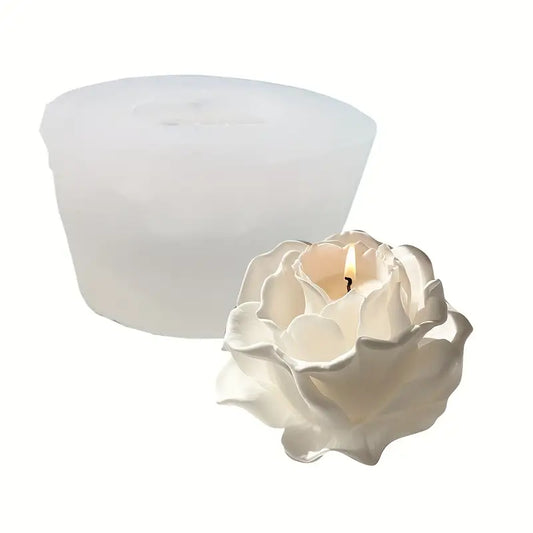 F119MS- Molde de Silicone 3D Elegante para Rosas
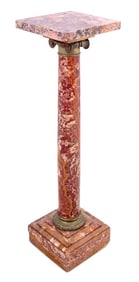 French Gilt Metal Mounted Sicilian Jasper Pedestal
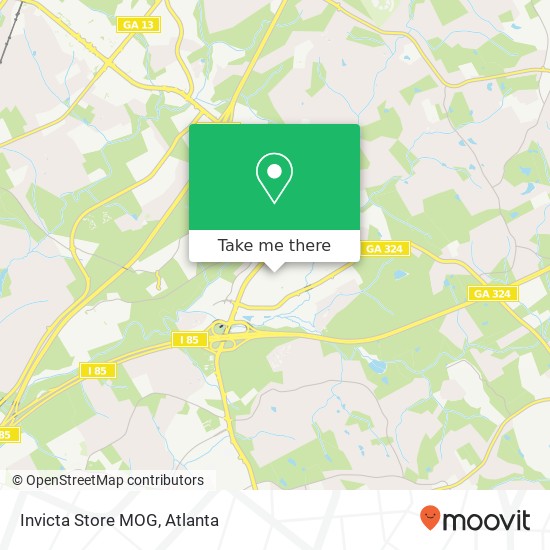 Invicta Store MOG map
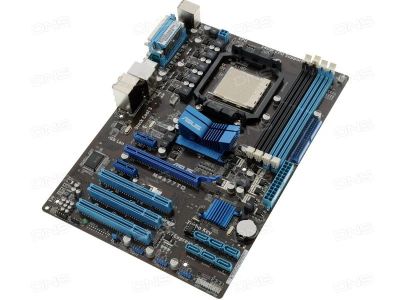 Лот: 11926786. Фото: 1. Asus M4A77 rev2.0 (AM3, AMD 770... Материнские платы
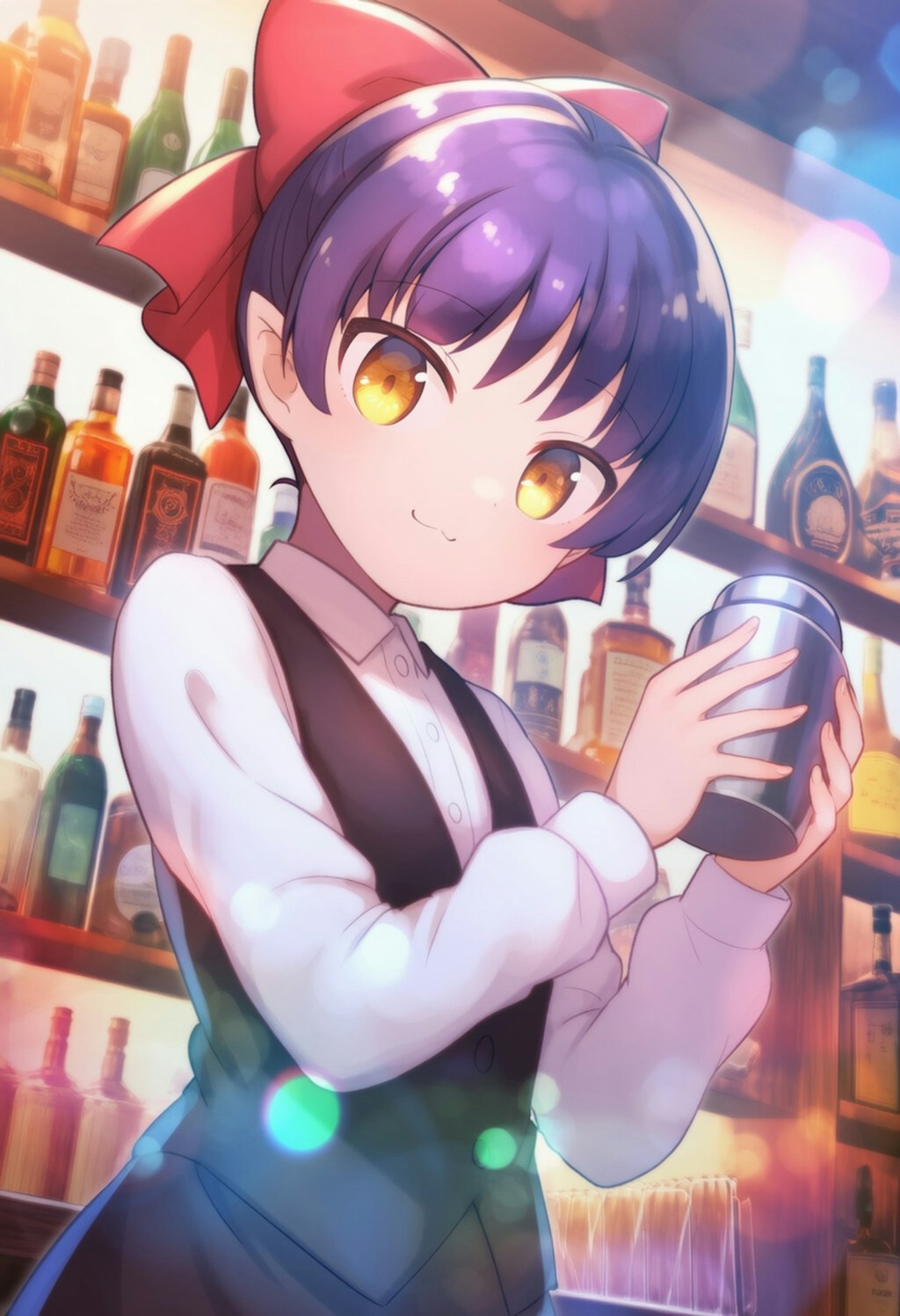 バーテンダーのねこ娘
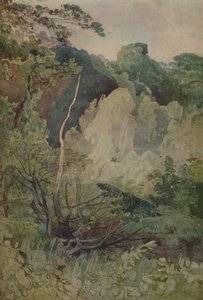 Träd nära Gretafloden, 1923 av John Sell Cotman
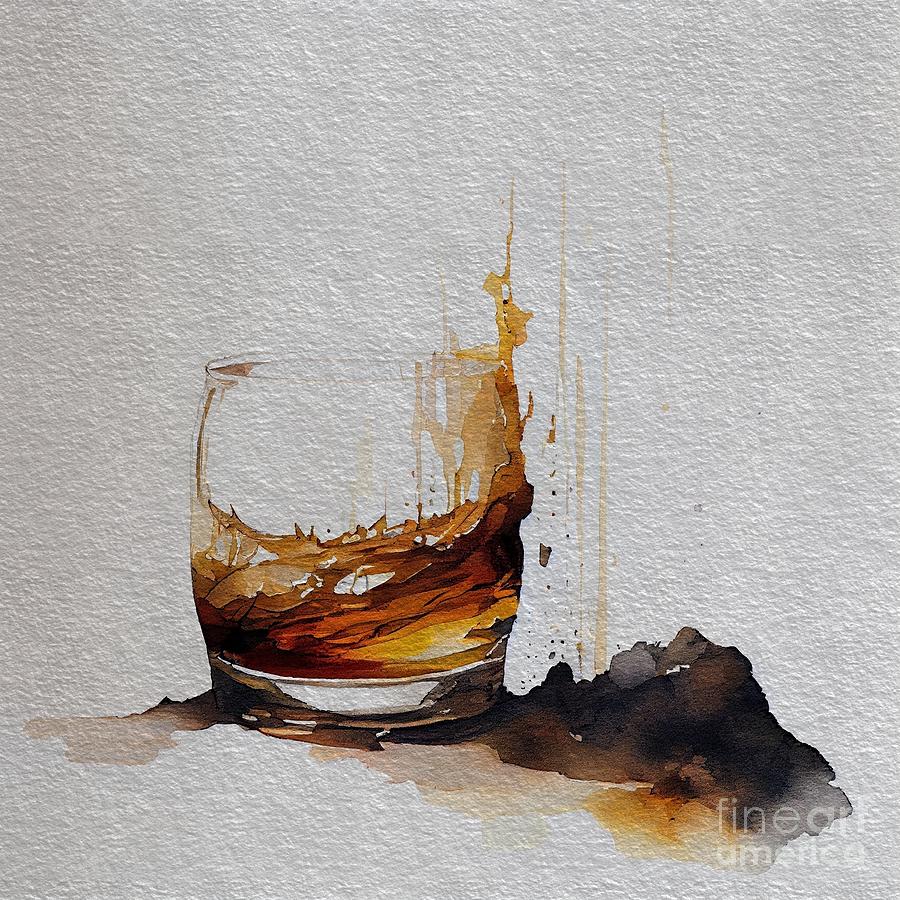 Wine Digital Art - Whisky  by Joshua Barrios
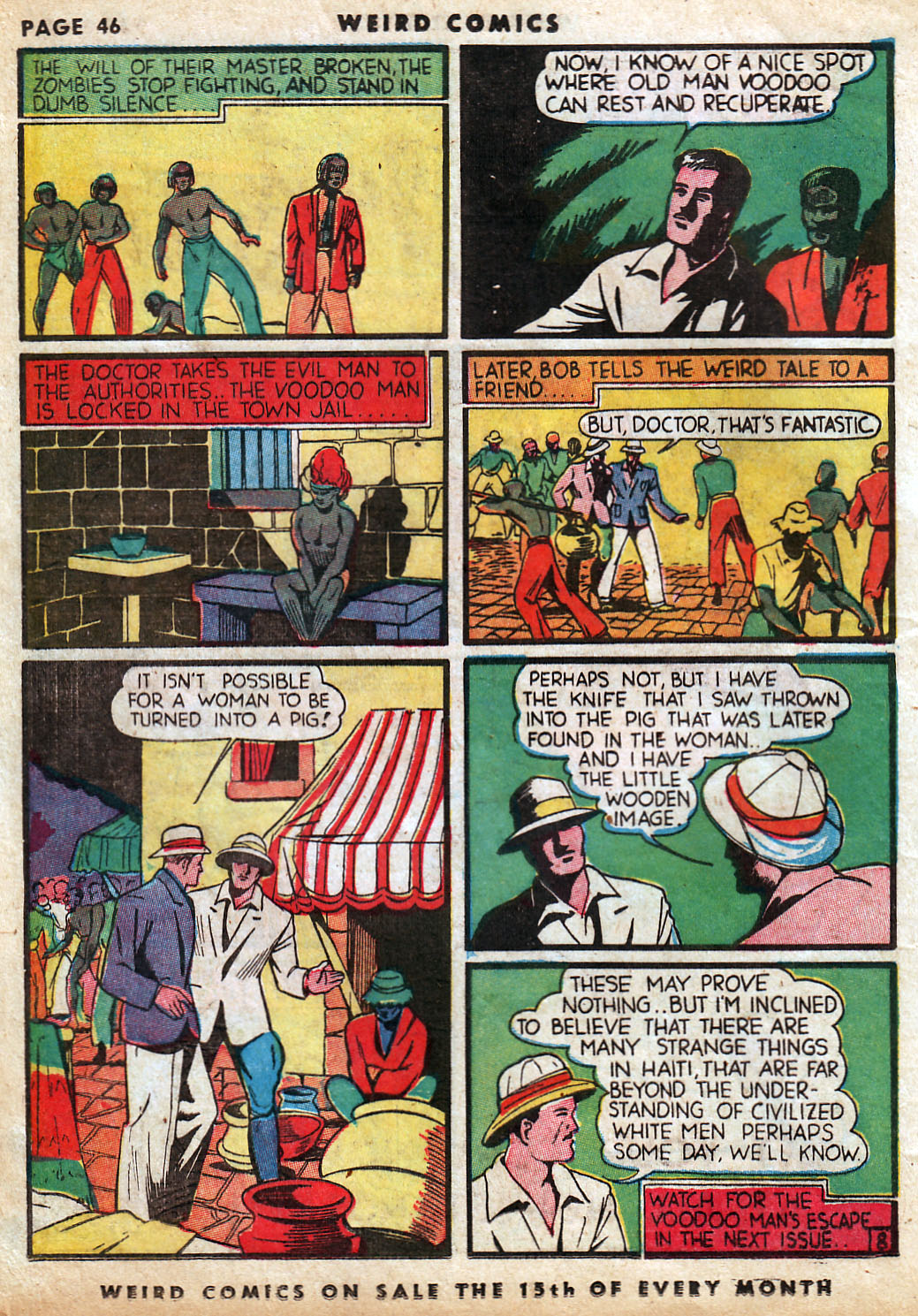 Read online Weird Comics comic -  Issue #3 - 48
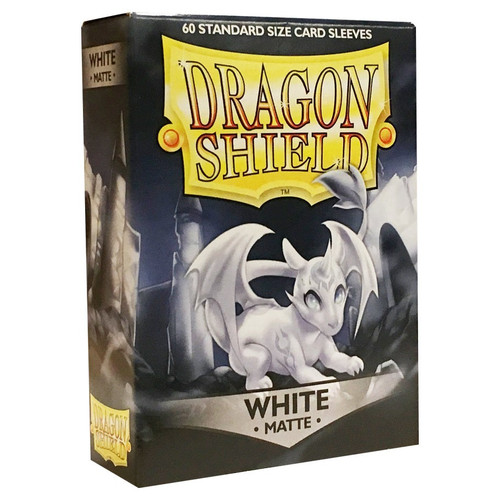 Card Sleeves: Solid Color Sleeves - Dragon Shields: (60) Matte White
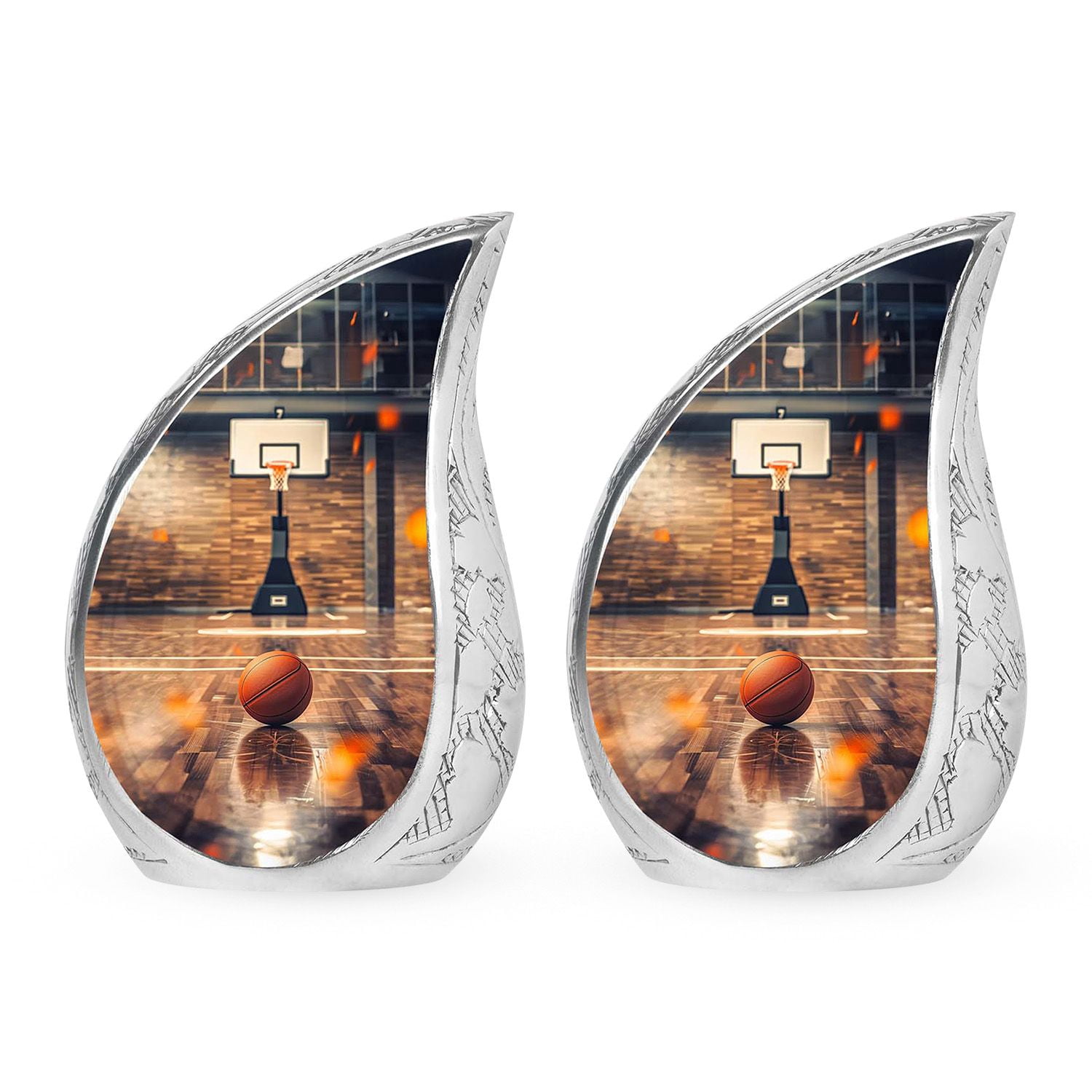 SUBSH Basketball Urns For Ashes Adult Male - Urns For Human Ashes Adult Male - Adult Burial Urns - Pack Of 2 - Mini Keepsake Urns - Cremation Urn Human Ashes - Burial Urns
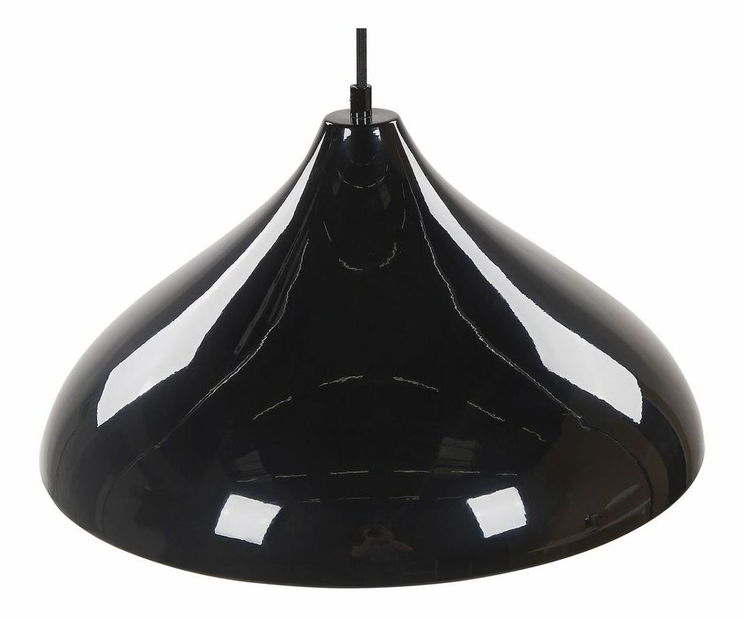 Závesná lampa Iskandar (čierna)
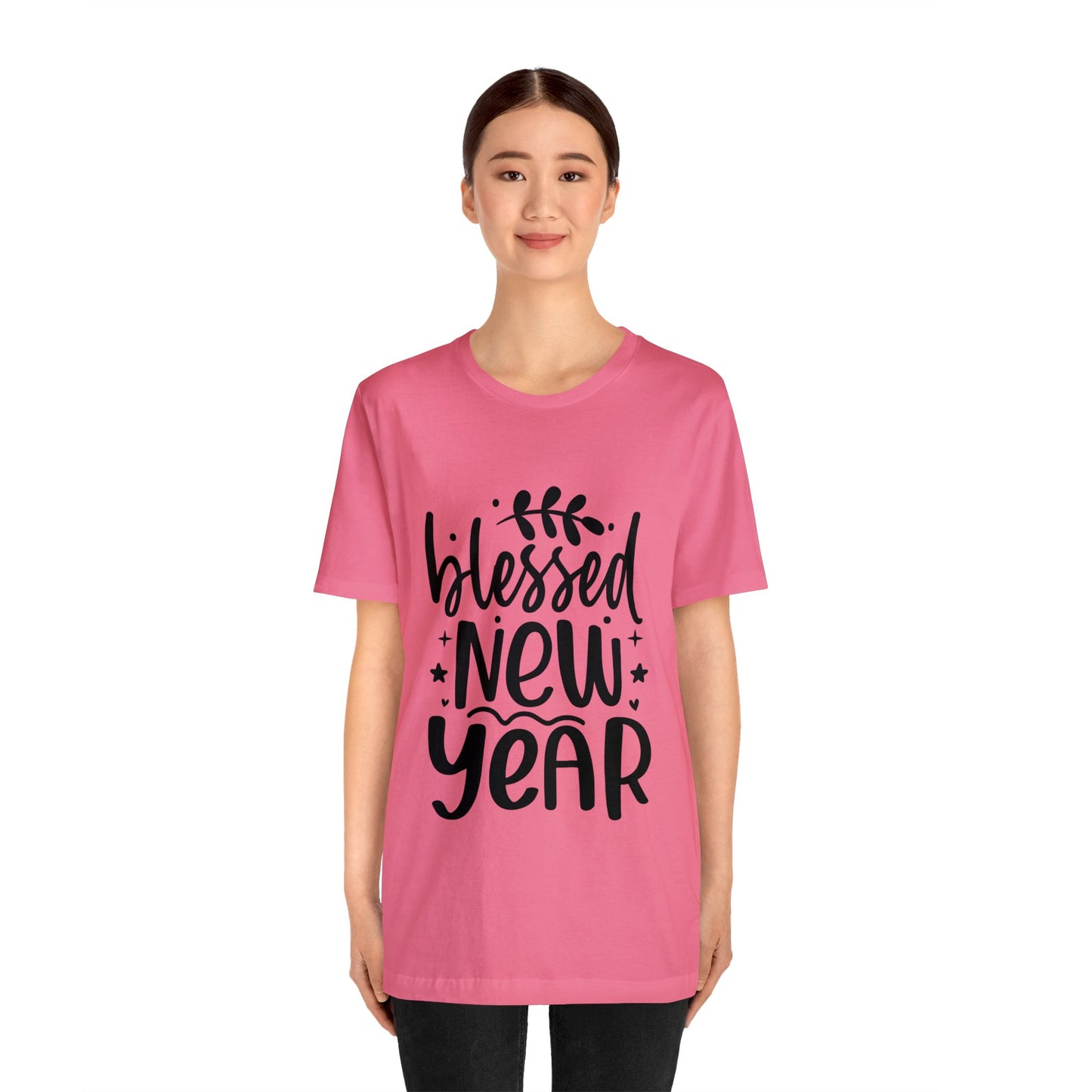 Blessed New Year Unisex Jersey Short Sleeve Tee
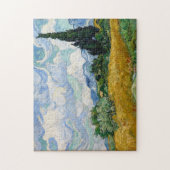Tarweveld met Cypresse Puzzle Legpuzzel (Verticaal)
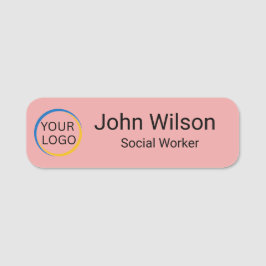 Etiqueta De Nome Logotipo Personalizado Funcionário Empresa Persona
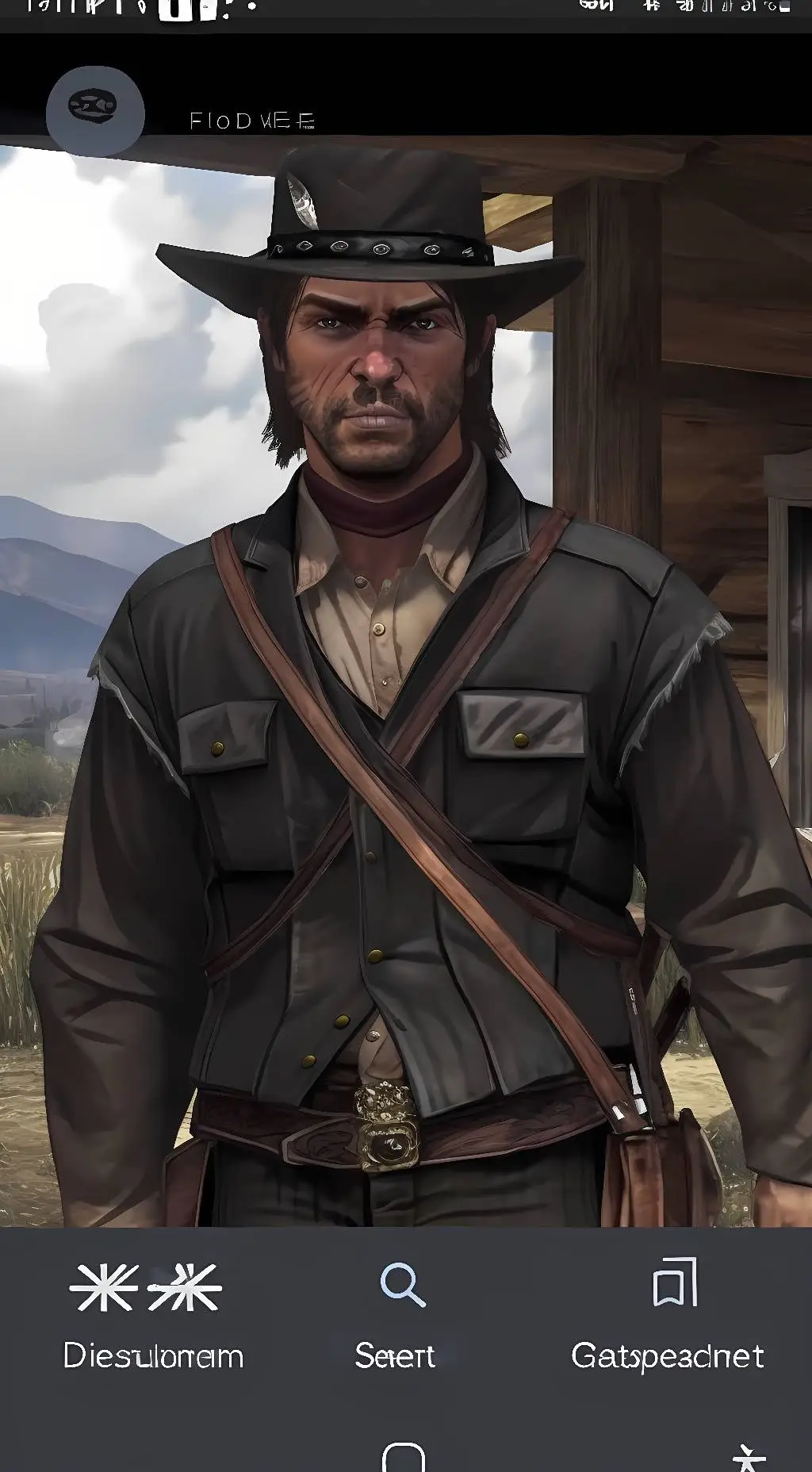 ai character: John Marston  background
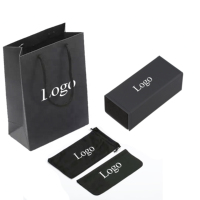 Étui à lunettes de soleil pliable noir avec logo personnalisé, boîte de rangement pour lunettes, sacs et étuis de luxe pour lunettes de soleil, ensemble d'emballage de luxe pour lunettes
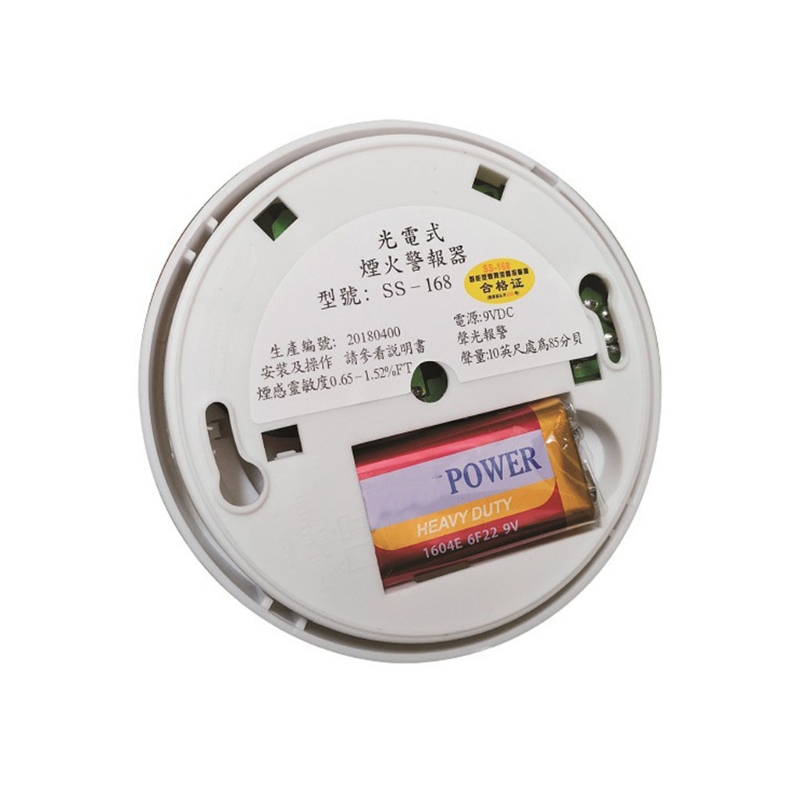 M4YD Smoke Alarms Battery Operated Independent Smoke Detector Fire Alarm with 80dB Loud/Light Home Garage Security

-------------------------

** Work request **
Each entry above should be written out verbatim, minus its pictures.

** Result of this exercise **
 F119MS- Molde de Silicone 3D Elegante para Rosas
 French Gilt Metal Mounted Sicilian Jasper Pedestal
 Invicta Store MOG map
 Лот: 11926786. Фото: 1. Asus M4A77 rev2.0 (AM3, AMD 770... Материнские платы
 バーテンダーのねこ娘
 Träd nära Gretafloden, 1923 av John Sell Cotman
 Wine Digital Art - Whisky  by Joshua Barrios
 Read online Weird Comics comic -  Issue #3 - 48
 Card Sleeves: Solid Color Sleeves - Dragon Shields: (60) Matte White
 SUBSH Basketball Urns For Ashes Adult Male - Urns For Human Ashes Adult Male - Adult Burial Urns - Pack Of 2 - Mini Keepsake Urns - Cremation Urn Human Ashes - Burial Urns
 Závesná lampa Iskandar (čierna)
 Blessed New Year Unisex Jersey Short Sleeve Tee
Tarweveld met Cypresse Puzzle Legpuzzel (Verticaal)
 Etiqueta De Nome Logotipo Personalizado Funcionário Empresa Persona
 ai character: John Marston  background
 Étui à lunettes de soleil pliable noir avec logo personnalisé, boîte de rangement pour lunettes, sacs et étuis de luxe pour lunettes de soleil, ensemble d'emballage de luxe pour lunettes
 M4YD Smoke Alarms Battery Operated Independent Smoke Detector Fire Alarm with 80dB Loud/Light Home Garage Security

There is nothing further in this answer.